You have made too great a mockery of it. You brought me here, blind, as helpless as one of the things you catch in your traps, and you played the hero with me. And you fed me with lies and lies and lies. I've eaten and drunk them until I'm sick. Now stand up and look at the truth. You are to eat that until _you_ are sick.--No, Bella; no, Pete; I'm going to speak; no one can stop me. I know you love him. How you can look at him and see him as he is and know what he has done and still love him, I can't understand. Now, Hugh Garth--the name you tried to make me love you by--I'll tell these people that love you, some of the beautiful fables with which you tried to win _my_ love. Maybe, then, they will begin to see you as you are. Here is the first: 'There was once a very n.o.ble youth who had a friend--'"

"Don't!" Hugh groaned pitifully, his head bent before her.

"Perhaps I won't; after all, it's not interesting unless you're fool enough, or blind enough, to be tricked into fancying it's the truth. But let me tell them some of the other things. This n.o.ble youth, this man sacrificed his life for his friend and bore the blame of that friend's guilt. He is as handsome as a Viking, the very ideal of a girl's imagination, strong and shapely and graceful. Has he a humped shoulder and a lame leg and a scarred face revealing his scarred soul? Answer me."

Hugh flinched as though under a lash.

Pete put out his hand uncertainly; his face was drawn with pain.
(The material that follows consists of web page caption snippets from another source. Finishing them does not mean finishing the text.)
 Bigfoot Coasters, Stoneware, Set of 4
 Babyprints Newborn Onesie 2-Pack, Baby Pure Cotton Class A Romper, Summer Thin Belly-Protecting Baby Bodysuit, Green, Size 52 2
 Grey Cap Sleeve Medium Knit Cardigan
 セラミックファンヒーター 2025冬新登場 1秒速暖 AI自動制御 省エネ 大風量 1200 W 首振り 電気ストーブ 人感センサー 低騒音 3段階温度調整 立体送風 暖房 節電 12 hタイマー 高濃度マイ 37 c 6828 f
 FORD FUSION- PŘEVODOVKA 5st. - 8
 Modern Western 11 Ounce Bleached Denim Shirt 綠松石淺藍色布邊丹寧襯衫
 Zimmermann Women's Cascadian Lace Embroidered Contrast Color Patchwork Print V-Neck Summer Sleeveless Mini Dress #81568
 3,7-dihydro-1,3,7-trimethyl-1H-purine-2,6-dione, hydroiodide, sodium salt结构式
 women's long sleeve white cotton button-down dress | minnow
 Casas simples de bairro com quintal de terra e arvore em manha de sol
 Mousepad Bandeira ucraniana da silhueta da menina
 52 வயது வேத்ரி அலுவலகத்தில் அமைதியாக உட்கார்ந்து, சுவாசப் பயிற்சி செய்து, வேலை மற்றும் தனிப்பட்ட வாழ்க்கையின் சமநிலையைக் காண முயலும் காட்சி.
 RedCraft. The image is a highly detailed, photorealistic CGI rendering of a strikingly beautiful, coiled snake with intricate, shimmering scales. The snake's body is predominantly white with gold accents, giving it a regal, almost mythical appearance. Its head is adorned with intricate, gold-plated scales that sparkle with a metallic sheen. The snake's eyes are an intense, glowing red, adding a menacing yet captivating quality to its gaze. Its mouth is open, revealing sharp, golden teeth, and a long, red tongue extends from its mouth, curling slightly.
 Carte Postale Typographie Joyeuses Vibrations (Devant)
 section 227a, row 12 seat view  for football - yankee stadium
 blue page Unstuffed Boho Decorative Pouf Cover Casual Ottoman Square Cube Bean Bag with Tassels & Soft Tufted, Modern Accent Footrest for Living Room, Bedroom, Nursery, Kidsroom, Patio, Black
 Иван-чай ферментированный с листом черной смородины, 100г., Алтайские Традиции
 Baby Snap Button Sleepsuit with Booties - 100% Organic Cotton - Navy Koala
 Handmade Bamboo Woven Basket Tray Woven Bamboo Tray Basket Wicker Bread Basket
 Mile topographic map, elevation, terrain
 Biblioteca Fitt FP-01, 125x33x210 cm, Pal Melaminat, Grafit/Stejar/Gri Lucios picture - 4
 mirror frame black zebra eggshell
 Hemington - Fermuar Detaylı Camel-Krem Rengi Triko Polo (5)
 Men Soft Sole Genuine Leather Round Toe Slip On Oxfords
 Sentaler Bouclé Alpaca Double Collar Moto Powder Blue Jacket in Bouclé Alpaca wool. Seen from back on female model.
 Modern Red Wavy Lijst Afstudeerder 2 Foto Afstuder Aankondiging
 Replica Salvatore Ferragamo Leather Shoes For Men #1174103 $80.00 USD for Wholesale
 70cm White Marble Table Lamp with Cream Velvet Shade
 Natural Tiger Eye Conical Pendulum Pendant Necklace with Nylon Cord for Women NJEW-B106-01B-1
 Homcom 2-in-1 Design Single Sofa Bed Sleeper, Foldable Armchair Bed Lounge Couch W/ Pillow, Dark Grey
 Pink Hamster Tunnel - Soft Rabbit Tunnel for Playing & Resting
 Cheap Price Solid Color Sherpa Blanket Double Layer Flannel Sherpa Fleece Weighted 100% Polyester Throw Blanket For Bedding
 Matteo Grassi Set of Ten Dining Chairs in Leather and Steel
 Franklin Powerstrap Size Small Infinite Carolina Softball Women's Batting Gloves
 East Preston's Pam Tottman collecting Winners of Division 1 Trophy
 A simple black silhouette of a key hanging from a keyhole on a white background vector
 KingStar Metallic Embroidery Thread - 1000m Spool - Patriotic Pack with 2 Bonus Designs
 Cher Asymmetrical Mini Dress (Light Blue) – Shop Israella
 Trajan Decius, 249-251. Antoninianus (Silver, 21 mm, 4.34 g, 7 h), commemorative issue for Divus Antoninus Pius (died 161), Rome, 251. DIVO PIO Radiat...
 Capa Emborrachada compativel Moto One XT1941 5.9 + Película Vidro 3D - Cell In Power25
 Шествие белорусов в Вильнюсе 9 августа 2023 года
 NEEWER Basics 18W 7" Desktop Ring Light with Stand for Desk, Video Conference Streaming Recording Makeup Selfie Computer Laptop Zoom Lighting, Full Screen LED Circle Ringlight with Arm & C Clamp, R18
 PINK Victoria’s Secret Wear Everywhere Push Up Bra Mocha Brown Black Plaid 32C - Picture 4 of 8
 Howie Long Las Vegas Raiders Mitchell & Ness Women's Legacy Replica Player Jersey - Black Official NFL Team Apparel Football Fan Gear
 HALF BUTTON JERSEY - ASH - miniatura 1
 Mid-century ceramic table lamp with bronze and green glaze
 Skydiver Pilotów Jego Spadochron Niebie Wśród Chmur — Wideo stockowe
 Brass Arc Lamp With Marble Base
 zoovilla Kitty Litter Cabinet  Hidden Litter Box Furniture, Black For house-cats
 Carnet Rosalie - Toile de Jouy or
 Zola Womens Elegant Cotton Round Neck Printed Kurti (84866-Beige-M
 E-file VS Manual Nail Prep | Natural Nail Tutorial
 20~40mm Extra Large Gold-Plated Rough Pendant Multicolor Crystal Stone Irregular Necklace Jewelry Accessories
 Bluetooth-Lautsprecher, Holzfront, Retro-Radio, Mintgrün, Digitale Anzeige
"Sylvie--stop. You _must_ stop. You're too cruel. He did lie to you, but remember, that was because he--"

The brilliant black eyes flashed back at him.

"Because he loved me, you were going to say? When you love a woman, do you try to ruin her life? Do you creep up in the dark under cover of her blindness and touch her with some dreadful, poisonous wound? You don't know my horror of that man, Pete. Oh, he kissed--kissed me!" She shivered. "A murderer! Yes, a murderer. Oh, Ham Rutherford, if I could only _make_ you see yourself! If I could give you my eyes when they opened, and I saw Pete's beauty and Bella's sweetness and the horrible ugliness of you! And then, day by day--you see, I was afraid to let you know that I _had_ seen you. I was in terror of you, of what you might do to me. I was afraid of you all; you had all deceived me. Day by day I learned the utter distortion of you, mind, body, and soul. How could I help but--but--" She faltered and half turned to Pete, holding out her hands. Her indignation at the treachery practiced upon her, an anger that had grown in silence to unbearable heat, had spent itself in words.

She was all for consolation now--for sympathy. But Pete stepped back from her. He was looking at Hugh, and his clear, young face was an open wound.

Hugh pushed himself up and slowly lifted his face. It was then that he saw Sylvie's hands stretched out to Pete. He started--no one knew what the convulsive movement meant; but as he started--the gun tripped him.

He caught it up carelessly, blindly. There was a flash--a crash. Pete leaped and bent, holding his arm. Blood spurted between his fingers, soaking his wet sleeve; and Sylvie, crying aloud, wrapped him in trembling, protective arms.